Os recursos oriundos das operações de crédito serão destinados às Secretarias estaduais de Administração (Searh); Planejamento e Finanças (Seplan); Tributação (SET); Infraestrutura (SIN); Meio Ambiente e Recursos Hídricos (Semarh); Turismo (Setur); além do DER/RN e Companhia Estadual de Habitação do RN (Cehab).

O secretário Paulo de Tarso Fernandes afirmou que o governo aguarda de maneira ansiosa pelo repasse dos recursos para que investimentos inviabilizados pela pífia receita própria possam se concretizar. Entre os projetos beneficiados estão o de pró-saneamento, sistema de abastecimento para a adutora Mossoró, pró-transporte com vistas à mobilidade da Copa do Mundo de 2014, pró-moradia, entre outros.

“Os maiores investimentos previstos no OGE 2012 são os para a construção da Arena das Dunas e tudo que diz respeito ao Aeroporto de São Gonçalo do Amarante. Esses vão consumir com esforço enorme para cumprimento das contrapartidas aos recursos federais”, finalizou Paulo de Tarso.

Capacidade de investimento é limitada

Se por um lado as despesas com pessoal crescem a galope os recursos destinados a investimentos estão a cada ano mais escassos. O secretário Paulo de Tarso Fernandes enfatizou que é neste item que fica “a sobra” das despesas prioritárias e essenciais em relação ao total da receita. E de uma arrecadação estimada em R$ 7,1 bilhões (recursos próprios do tesouro) somente R$ 40 milhões foram destinados para investir em novas obras, projetos e ações governamentais. Esse valor corresponde a 0,5% do orçamento para 2012. Não fossem as verbas oriundas de operações de crédito e convênios com a União (ver texto ao lado), se poderia facilmente atestar que novos projetos de transporte e infraestrutura estariam praticamente fora de cogitação.

De acordo com um relatório da Secretaria de Estado do Planejamento e das Finanças (Seplan), cujo teor teve acesso a TRIBUNA DO NORTE, o montante mais substancial destinado a investimentos no orçamento de 2012 está no Departamento de Estradas e Rodagens (DER/RN), que tem projeção de R$ 34 milhões. Em segundo lugar vem o Tribunal de Justiça do Rio Grande do Norte (TJ/RN), cuja previsão para o mesmo fim é de R$ 31,5 milhões. Projetos sociais do Governo do Estado, como o Programa do Leite e Restaurante Popular terão uma margem de R$ 90,9 milhões para novos investimentos. Não foi destinado qualquer valor ao Cidadão sem Fome.

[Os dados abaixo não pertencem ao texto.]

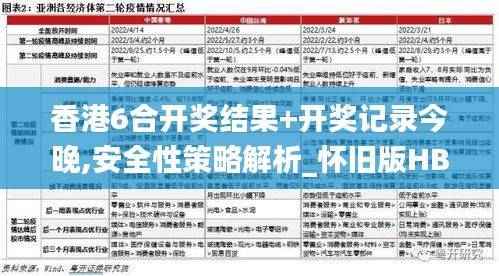 香港6合开奖结果+开奖记录今晚,安全性策略解析_怀旧版HBC819.83
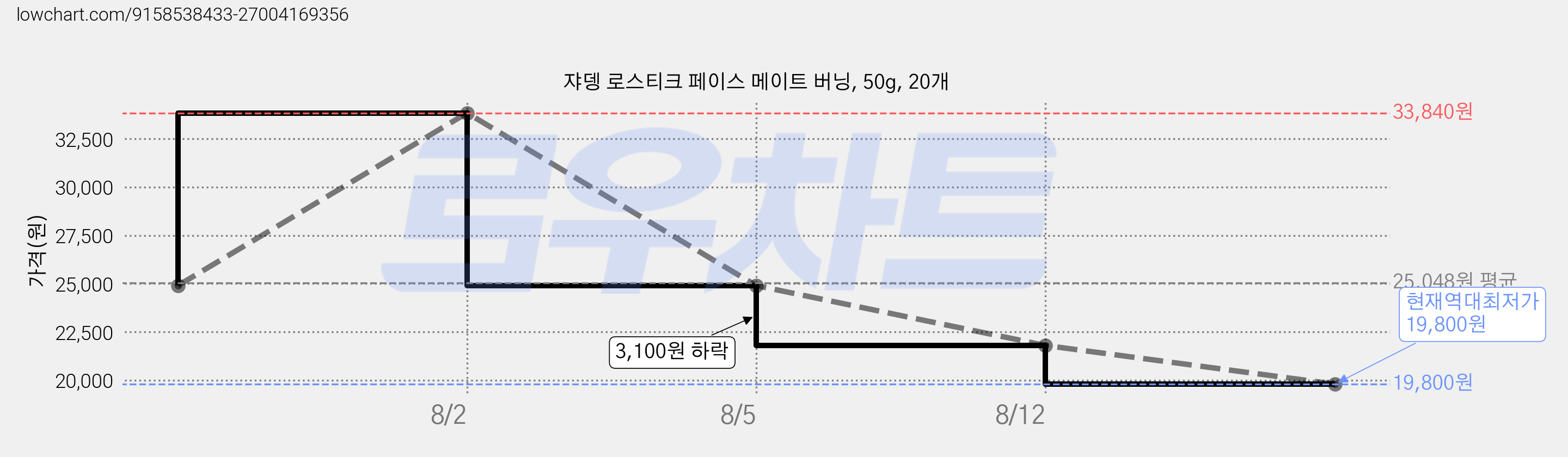 쟈뎅 로스티크 페이스 메이트 버닝, 50g, 20개 가격 변동 차트, 현재가 19,800원, 역대최저가
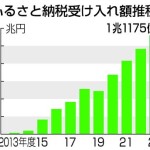 ふるさと納税、初の１兆円台　利用者１０００万人に、２３年度―総務省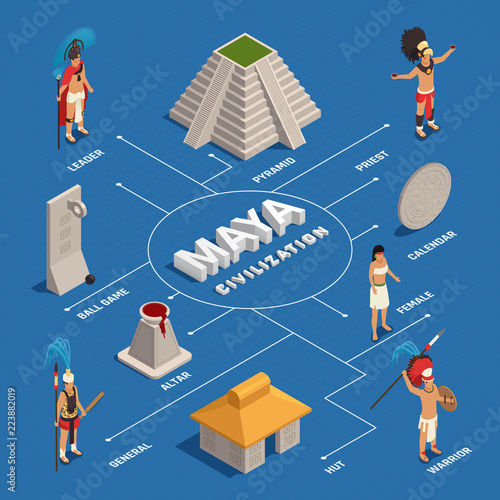 Maya Civilization Isometric Flowchart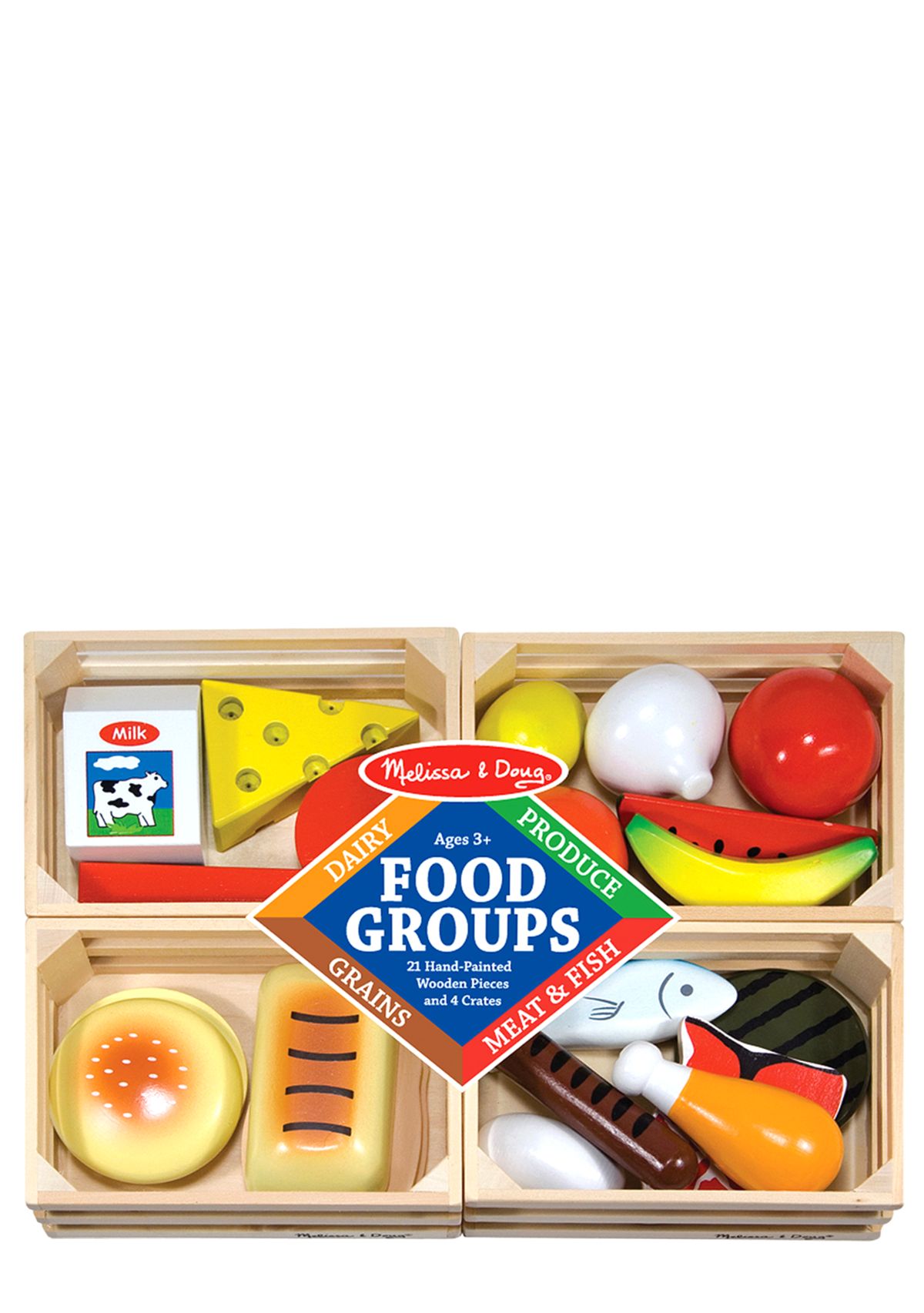 Food Groups Play Set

O projeto que estima a receita e fixa a despesa para 2012 – o chamado Orçamento Geral do Estado – chegou à Assembleia Legislativa semana passada e já tramita na Comissão de Finanças e Fiscalização. A matéria seguirá ainda para a Comissão de Constituição, Justiça e Redação (CCJ) e de Administração, Serviços Públicos e Trabalho. Os parlamentares analisam a proposta e podem apresentar emendas. A matéria deverá ser votada até o dia 15 de dezembro.